Although the Capital is 100-year-old on the map of the world, the etymology of the word ‘Delhi’ is still wrapped in various tales. The most popular being: it is derived from Dilli, a corrupt version of dehleez or dehali (meaning threshold). This made the city’s name symbolic of a place which is the gateway to the Indo-Gangetic plain. But, like there is always another side to every story, few know that Delhi could have also derived its name from the legend of king Anangapala II ­— who erected an iron pillar with a weak foundation. Because of the king’s lack of confidence, the pillar and his kingdom were thereafter considered dheela (meaning loose). Read on to know stories behind names of various places in Delhi...
Constructed in 1933, CP was named after Duke of Connaught (Arthur, son of Queen Victoria and Prince Albert) to honour him on his visit to Delhi. Interestingly, CP doesn’t have ‘I’ and ‘O’ blocks! The reason behind that is because they are likely to be confused with the numerical 1 and 0!

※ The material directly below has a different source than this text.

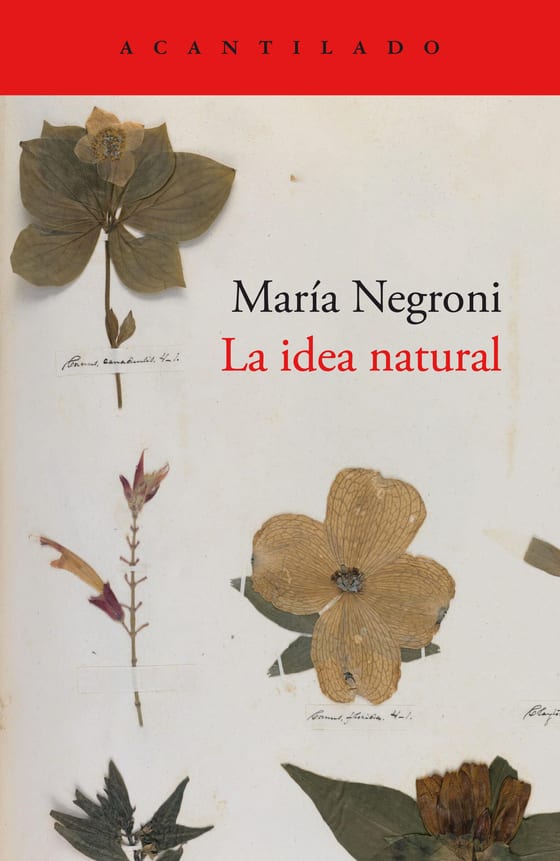 Coberta de La idea natural, de María Negroni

Named after a Marathi word ‘chawri’ (meeting place), here, a ‘sabha’ would take place in front of a noble’s home, who’d try settling matters. Another legend is that people used to gather here to see vaishyaas dance, giving them ‘chavannis’ and thus, the term ‘chavannis’ evolved to ‘chawri’.

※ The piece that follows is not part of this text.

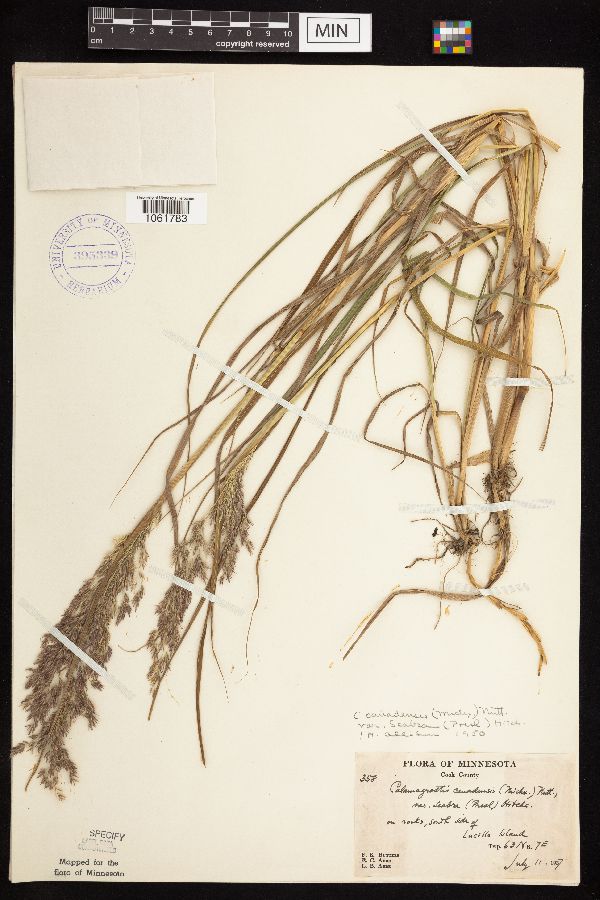 Calamagrostis canadensis var. langsdorfii image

The charge of relocating the people of Raisina village to make way for the grand edifices of state to come up along Rajpath was given to a British officer named Young, who was the deputy commissioner of Delhi. The colony where he resettled these people was called ‘Youngpura’, which was later colloquialised as Jangpura.
As the story goes, Nizamuddin blessed one of his most loved disciples so that he could light lamps with water instead of oil in the neighbouring village. After accomplishment of this feat, his disciple Naseeruddin was named ‘Chirag’, and the area was named Chirag Dilli. (Chirag means ‘lamp’).

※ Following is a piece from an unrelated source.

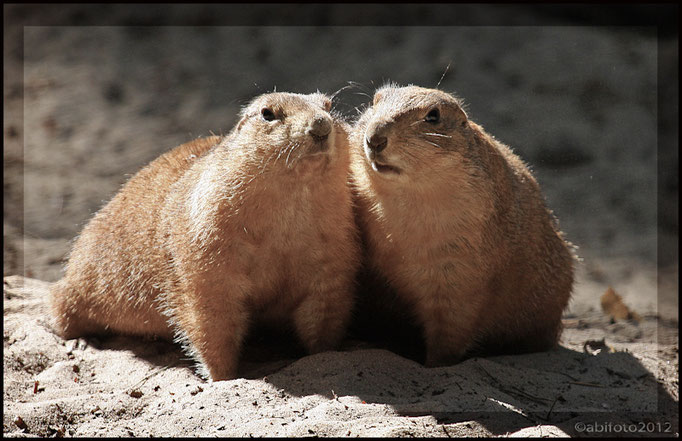Murmeltierpärchen, Zoo Eberswalde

The name is the spoilt version of Yantra Mantra — which means instruments and formulae. One of the five places built by Maharaja Jai Singh II of Jaipur, it came into being after Mughal emperor Muhammad Shah gave the former the task of revising the calendar and astronomical tables. The monument has 13 architectural and astronomy instruments.
In Urdu, Shahdara means ‘door of kings’. The origin of the name lies in two Persian words: ‘Shah’ meaning kings and ‘Dara’ meaning a door. There is another legend: “Shahdara has originated from ‘shahi dara or dariya’. It was near a ‘dariya’ — Yamuna river, and goods came to Delhi through this river. In fact, there are other places in India which were named Shahdara as well because of the same reason.
There were five brothels in Delhi earlier. Garstin, a British commissioner, unified them into one red-light area. It was named after him: Garstin Bastion Road/GB Road. “GB Road was named after Garstin. It was a place where ‘mujras’ happened. In fact, there were three places to view mujras from, for different classes- Qutub Road for lower, GB Road for middle and Chawri Bazaar for the higher classes,” says Satish Sundra, a shop owner.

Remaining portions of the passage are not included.